**Input material**
● ● ● ● ●

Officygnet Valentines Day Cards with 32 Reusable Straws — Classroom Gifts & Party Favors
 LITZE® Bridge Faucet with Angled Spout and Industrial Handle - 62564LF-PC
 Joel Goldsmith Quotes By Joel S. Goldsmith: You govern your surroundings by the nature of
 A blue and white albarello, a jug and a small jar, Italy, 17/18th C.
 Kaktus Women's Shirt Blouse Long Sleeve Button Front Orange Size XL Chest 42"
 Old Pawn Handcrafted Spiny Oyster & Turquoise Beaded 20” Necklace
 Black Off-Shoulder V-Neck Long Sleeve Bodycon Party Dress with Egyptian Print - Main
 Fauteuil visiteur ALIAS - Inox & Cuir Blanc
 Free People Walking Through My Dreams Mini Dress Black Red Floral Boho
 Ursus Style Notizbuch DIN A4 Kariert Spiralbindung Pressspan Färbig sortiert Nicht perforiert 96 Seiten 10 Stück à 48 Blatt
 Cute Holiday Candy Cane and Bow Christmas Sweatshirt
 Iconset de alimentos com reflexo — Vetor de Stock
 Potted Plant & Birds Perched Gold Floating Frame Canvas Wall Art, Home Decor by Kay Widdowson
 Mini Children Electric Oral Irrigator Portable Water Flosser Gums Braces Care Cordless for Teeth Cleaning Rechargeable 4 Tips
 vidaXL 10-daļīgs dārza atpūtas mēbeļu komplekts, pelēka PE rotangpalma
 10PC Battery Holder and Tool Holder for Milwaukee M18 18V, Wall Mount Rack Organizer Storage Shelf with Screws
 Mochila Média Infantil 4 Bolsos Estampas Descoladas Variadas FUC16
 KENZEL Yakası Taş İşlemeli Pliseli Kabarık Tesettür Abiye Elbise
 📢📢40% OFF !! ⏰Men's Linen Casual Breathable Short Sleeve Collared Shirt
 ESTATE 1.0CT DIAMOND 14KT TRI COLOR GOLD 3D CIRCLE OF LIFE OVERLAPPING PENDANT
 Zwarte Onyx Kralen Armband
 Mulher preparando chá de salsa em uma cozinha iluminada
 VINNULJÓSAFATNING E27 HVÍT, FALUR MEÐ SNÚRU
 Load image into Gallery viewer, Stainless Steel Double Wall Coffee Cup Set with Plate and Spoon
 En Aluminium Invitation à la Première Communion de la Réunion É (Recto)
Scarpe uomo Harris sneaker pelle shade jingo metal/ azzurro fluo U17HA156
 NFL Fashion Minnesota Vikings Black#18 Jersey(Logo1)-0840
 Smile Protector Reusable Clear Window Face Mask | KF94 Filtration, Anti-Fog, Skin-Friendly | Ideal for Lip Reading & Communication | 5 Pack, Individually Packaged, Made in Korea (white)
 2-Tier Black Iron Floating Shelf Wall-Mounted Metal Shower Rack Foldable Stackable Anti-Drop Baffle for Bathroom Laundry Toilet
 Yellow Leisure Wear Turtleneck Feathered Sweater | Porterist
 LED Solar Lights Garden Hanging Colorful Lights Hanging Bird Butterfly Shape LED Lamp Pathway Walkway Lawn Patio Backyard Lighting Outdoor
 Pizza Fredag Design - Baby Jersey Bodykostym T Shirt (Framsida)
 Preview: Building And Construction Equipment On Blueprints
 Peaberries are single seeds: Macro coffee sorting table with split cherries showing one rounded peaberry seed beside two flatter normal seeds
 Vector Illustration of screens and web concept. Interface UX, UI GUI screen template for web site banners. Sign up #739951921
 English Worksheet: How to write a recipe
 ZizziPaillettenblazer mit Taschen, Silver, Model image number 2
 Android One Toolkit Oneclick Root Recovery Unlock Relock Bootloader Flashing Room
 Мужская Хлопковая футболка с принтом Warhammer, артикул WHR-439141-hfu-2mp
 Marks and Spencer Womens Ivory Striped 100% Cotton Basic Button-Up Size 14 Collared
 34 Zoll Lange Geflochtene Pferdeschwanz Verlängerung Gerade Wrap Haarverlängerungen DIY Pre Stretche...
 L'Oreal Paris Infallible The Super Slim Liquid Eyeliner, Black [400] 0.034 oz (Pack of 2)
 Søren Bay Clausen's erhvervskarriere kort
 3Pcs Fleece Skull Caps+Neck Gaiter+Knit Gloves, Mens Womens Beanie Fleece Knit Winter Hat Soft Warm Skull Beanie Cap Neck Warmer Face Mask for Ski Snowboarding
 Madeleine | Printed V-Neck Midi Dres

● ● ● ● ●

**Task prompt**
Give back precisely the lines above that start at the line containing "LED Solar Lights" and end at the line containing "Vector Illustration of", inclusive. No other lines belong in the output.

**Expected answer**
 LED Solar Lights Garden Hanging Colorful Lights Hanging Bird Butterfly Shape LED Lamp Pathway Walkway Lawn Patio Backyard Lighting Outdoor
 Pizza Fredag Design - Baby Jersey Bodykostym T Shirt (Framsida)
 Preview: Building And Construction Equipment On Blueprints
 Peaberries are single seeds: Macro coffee sorting table with split cherries showing one rounded peaberry seed beside two flatter normal seeds
 Vector Illustration of screens and web concept. Interface UX, UI GUI screen template for web site banners. Sign up #739951921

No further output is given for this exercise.